The ceremony recognizing Robert Clutts for honorable deeds came 50 years late, but it was better late than never.
Clutts, a combat medic in the Korean War, received a purple heart Oct. 25 for a bullet wound incurred Dec. 12, 1950, during combat in the Korean War.
The award is given to those wounded during combat.
He was shot in the right leg that day, when hopes of victory vanished as Chinese Communist troops joined the fight, supporting the North Koreans.
Though he was wounded, his leg was saved and he was sent home to his family in Anchor Point, without a concern about the recognition.
"At the time I didn't look at it as any big deal, it was a way of life," he said.
Clutts did receive campaign ribbons, a Korea service medal and a combat badge, but his collection lacked an important, well-deserved item.
Clutts, who has owned the Anchor River Inn in Anchor Point for the past 38 years, has contributed to his community by serving on the Kenai Peninsula Borough Planning Commission and the board of directors for the South Peninsula Hospital in Homer.
Since retiring, he and his wife of 16 years, Simonne, have traveled by recreational vehicle across the United States, returning to Alaska for six months a year.
For the past two years, the couple has traveled to Alabama to a reunion of the medics with whom Clutts served.
"We are all old, fat and bald-headed now, but we were 20-year-old kids then," he said.
It was at one of the reunions that Clutts was shown the orders for his purple heart by a colonel, but again he did not pursue getting the award.
It was his family that was concerned about that void.
"We have always been real proud of him for his service to his community and his nation," Jesse Clutts said of his father.
He said it didn't seem right for his father not to have been recognized.
So Clutts' former daughter-in-law, Amy, and her husband, SFC Steven Edwards, asked and received the help they needed from Fort Polk in Louisiana.

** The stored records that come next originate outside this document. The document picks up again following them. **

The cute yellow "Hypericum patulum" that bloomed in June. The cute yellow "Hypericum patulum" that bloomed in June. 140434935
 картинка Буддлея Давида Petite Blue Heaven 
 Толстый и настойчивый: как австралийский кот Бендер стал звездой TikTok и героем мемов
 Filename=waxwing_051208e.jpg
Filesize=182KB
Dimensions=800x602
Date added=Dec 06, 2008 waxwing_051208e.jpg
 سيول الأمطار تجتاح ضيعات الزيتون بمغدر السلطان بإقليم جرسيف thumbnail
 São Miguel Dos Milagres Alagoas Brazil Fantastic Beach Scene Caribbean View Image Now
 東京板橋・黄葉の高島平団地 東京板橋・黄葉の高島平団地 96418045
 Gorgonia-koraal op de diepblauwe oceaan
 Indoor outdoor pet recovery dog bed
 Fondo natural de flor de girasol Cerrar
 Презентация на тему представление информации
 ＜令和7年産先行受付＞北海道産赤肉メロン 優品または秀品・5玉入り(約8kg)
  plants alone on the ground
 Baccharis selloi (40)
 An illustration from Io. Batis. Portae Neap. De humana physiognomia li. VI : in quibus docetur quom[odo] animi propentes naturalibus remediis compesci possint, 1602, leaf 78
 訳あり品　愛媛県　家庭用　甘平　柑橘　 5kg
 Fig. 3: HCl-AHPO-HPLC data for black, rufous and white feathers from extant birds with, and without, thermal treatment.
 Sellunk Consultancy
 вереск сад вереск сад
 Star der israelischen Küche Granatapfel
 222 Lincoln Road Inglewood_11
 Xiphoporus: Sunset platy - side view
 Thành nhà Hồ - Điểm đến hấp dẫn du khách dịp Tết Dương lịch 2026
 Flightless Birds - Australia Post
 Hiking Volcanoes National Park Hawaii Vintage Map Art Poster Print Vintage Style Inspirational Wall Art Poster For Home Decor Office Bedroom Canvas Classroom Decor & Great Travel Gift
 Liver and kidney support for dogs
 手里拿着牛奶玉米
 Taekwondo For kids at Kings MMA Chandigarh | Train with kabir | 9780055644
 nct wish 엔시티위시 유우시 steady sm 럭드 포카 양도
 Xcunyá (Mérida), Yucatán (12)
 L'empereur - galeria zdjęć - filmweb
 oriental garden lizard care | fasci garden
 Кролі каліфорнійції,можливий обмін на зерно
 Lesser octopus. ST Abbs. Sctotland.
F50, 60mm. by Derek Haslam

The family kept the award a secret for seven months. Simonne said the ceremony was inspirational for her husband.
"It was a total surprise to him," she said.
Clutts said this was not the first time the family kept something a secret from him.
"They are real good at that," he said.
Simonne said her husband never seemed to be bothered about not getting the purple heart after so many years.
"He is very loyal (to his country). That meant more to him than to receive recognition," she said.
Clutts was presented his purple heart medal in October, almost 50 years after being wounded in the fields of war-torn Korea.
"It was quite emotional," Clutts said referring to the ceremony.
He said he keeps his purple heart at his home in Alaska.
Clutts said he hopes more men and women are recognized for their deeds in peace and in wartime.